• Description of the task
Once you reach the line with "Certified 2025 Nissan Rogue SV image 34" in the material below, copy each line exactly up to and including the line with "Галь Гадот (Gal", and skip the pictures.

• Dataset records
• • • •
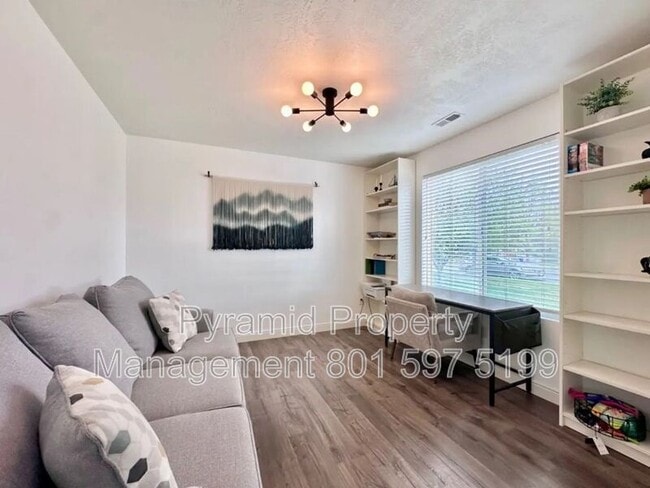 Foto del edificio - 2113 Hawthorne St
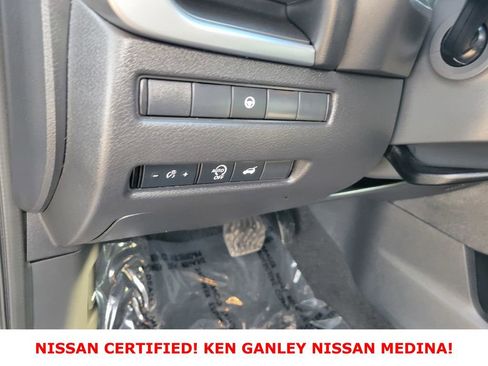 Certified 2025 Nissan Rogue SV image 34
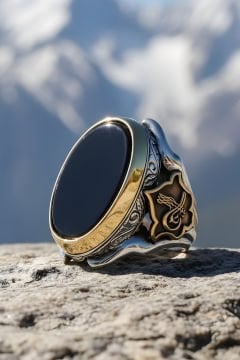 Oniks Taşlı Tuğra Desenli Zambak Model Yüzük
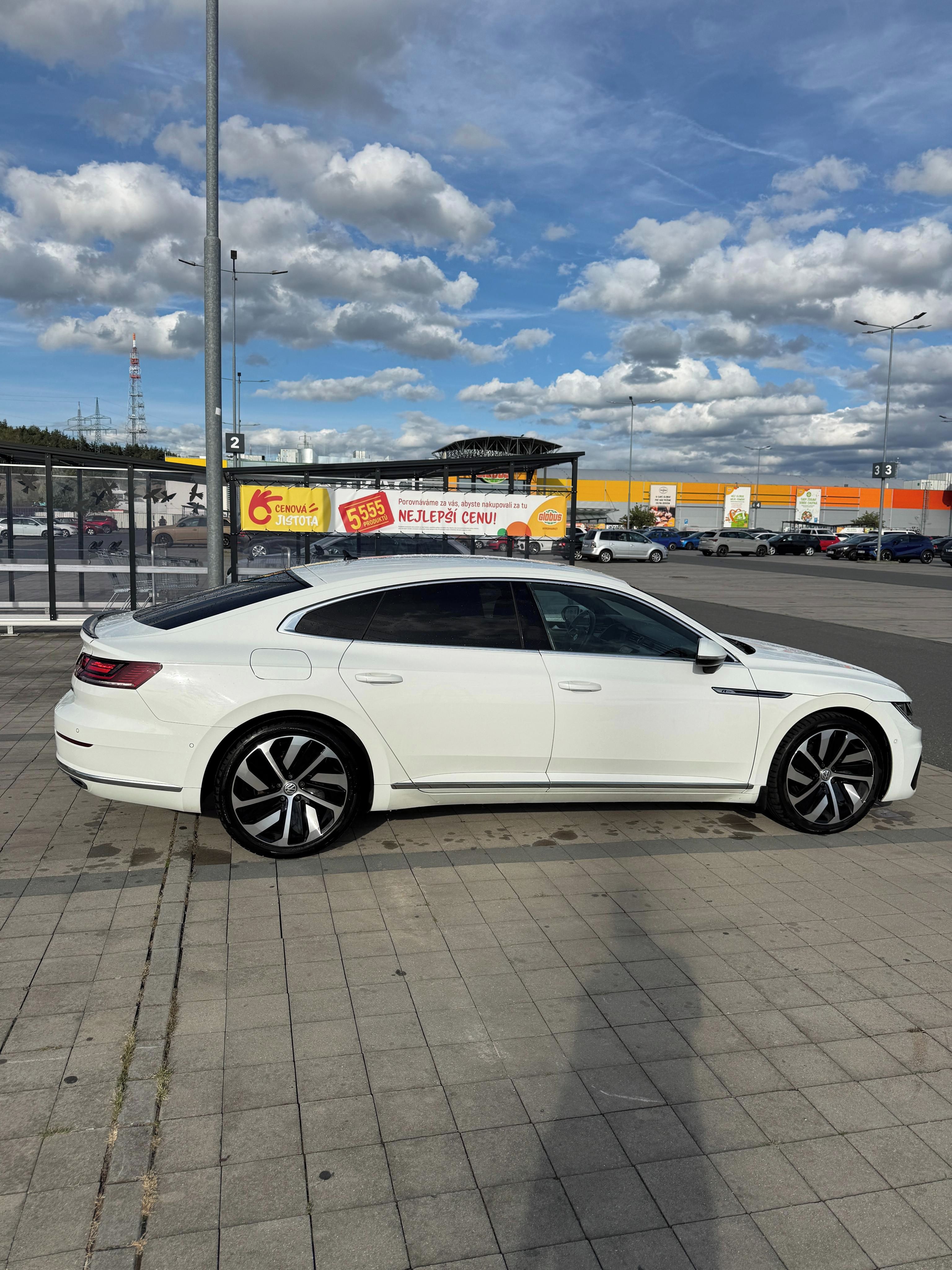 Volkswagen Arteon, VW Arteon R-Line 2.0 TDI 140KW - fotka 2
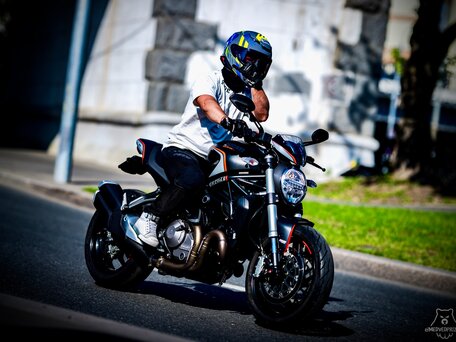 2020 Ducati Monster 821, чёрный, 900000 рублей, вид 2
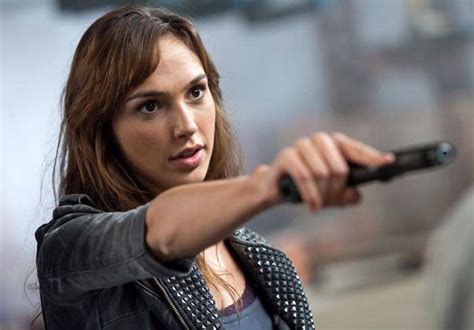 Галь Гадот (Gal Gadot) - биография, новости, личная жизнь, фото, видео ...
• • • •
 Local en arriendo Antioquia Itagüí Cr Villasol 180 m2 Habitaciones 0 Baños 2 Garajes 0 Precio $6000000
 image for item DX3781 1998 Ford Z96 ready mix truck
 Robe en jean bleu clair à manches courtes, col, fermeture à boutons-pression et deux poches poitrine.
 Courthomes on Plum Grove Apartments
• • • •
• Solution for this task
 Certified 2025 Nissan Rogue SV image 34
 Oniks Taşlı Tuğra Desenli Zambak Model Yüzük
 Volkswagen Arteon, VW Arteon R-Line 2.0 TDI 140KW - fotka 2
 2020 Ducati Monster 821, чёрный, 900000 рублей, вид 2
 Галь Гадот (Gal Gadot) - биография, новости, личная жизнь, фото, видео ...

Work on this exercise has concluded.